Fallstudie: Informations- und Kommunikationstechnik (IKT) wird für CEE-Länder zum Wettbewerbsvorteil

Die CEE-Region ist dabei, sich zu einem Technologie-Nest zu entwickeln. Unternehmer, Investoren und einige Regierungen haben die Chancen erkannt, die sich durch eine traditionell stark polytechnisch geprägte Ausbildung, vergleichsweise niedrige Arbeitskosten und die Dynamik einer offenen, kosmopolitisch eingestellten jungen Generation ergeben.

Eine Reihe neu gegründeter CEE-Technologieunternehmen zählt heute zu globalen Erfolgsstorys in der Virenschutztechnik. Tschechien wurde dank der starken Position von Avast und AVG zu einem der führenden Länder für Antiviren-Software. Die beiden Unternehmen halten weltweit einen Marktanteil von 24,9%, was 400 Millionen aktiven Nutzern entspricht.

Ungarische Unternehmen wie Prezi, Ustream und LogMeln sind weitere Beispiele für weltweit erfolgreiche Innovationen aus CEE. Diese Unternehmen wurden jedoch außerhalb Ungarns (vielfach im Silicon Valley) finanziert, was es ihnen erleichtert hat, international Fuß zu fassen.
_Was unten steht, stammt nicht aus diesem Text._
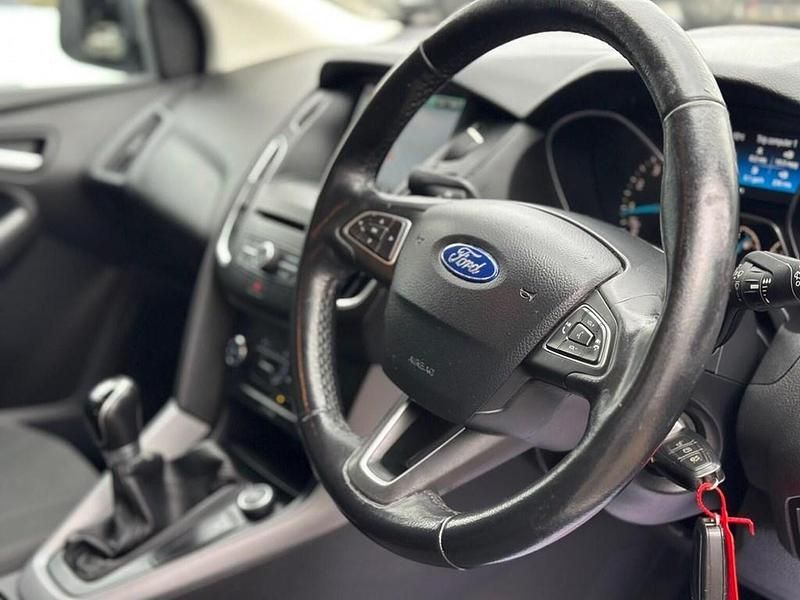 Used Ford Focus Zetec 2015 Silver Hatchback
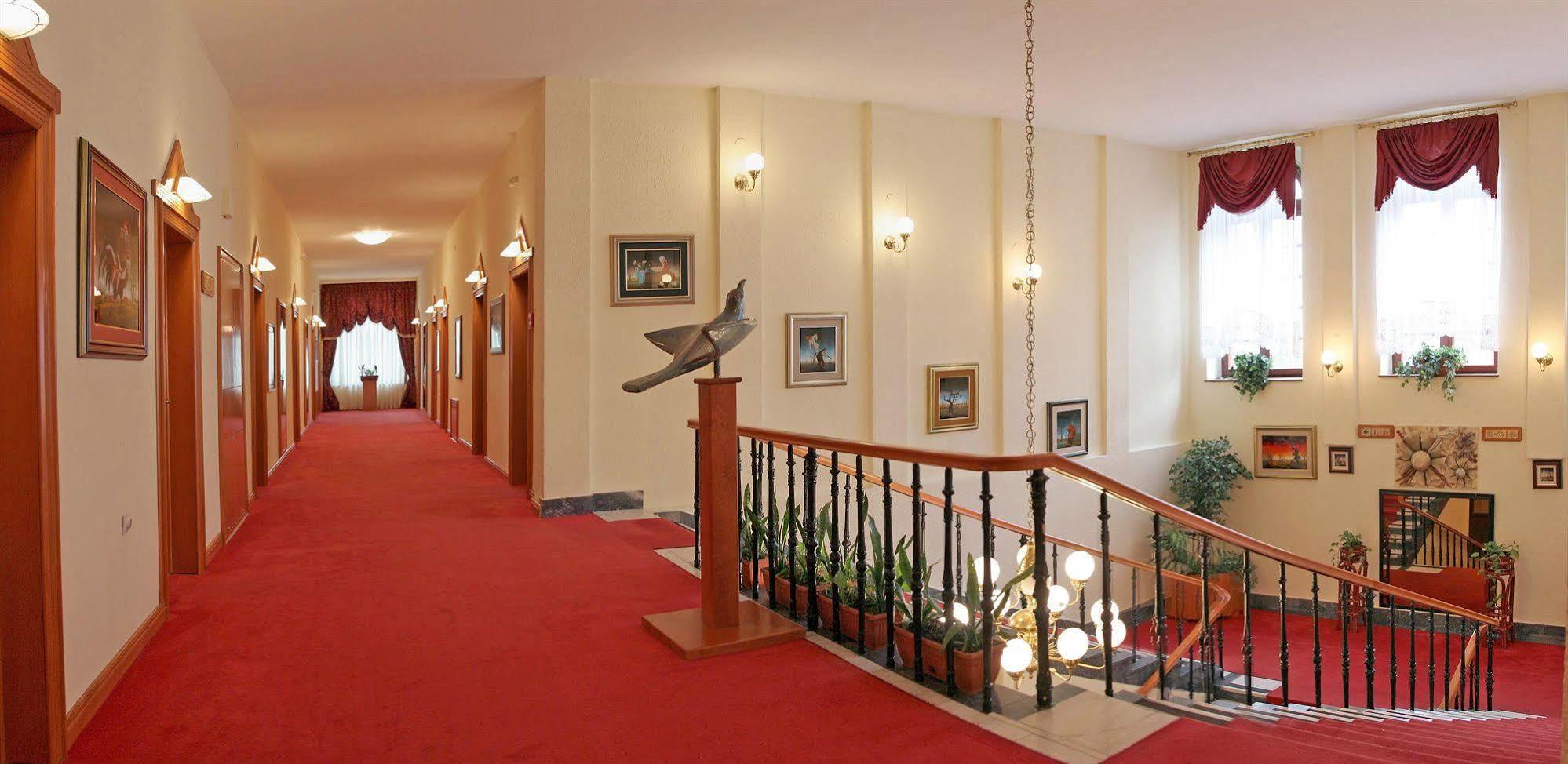 Garni Hotel Park Palic Exterior photo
Schon länger im Geschäft, aber ebenfalls sehr prominent ist die 1982 gegründete Firma Graphisoft, einer der weltweit führenden Hersteller von Architektursoftware.

Polens ehemaliger Premierminister Tusk überreichte US-Präsident Barack Obama als ganz besonderes Geschenk das Videospiel The Witcher und zeigte, wie ein CEE-Land Produkte mit hoher Wertschöpfung liefern und damit international Anerkennung finden kann. Auch die globalen Aktivitäten anderer Unternehmen des IKT-Sektors, wie zum Beispiel Comarch (internationale Software-Schmiede) oder SALESmanago (Marketing Automation - eine der zwölf größten Plattformen weltweit) demonstrieren das Potenzial des IKT-Sektors in CEE.

Gleichzeitig nutzen auch globale Player intensiv Chancen im IKT-Bereich. Unternehmen wie Siemens, Ericsson, IBM, SAP, Microsoft und ENVOX haben in der Region eigene Planungs-, Handels- und Servicebetriebe gegründet und bauen diese weiter aus. In Rumänien haben mehr als 50 internationale IT-Unternehmen Büros eröffnet. Die IT-Branche beschäftigt dort derzeit mehr als 64.000 Fachleute, womit Rumänien - am Anteil der im Technologiesektor Beschäftigten gemessen - EU-weit an der Spitze liegt und weltweit den sechsten Rang einnimmt.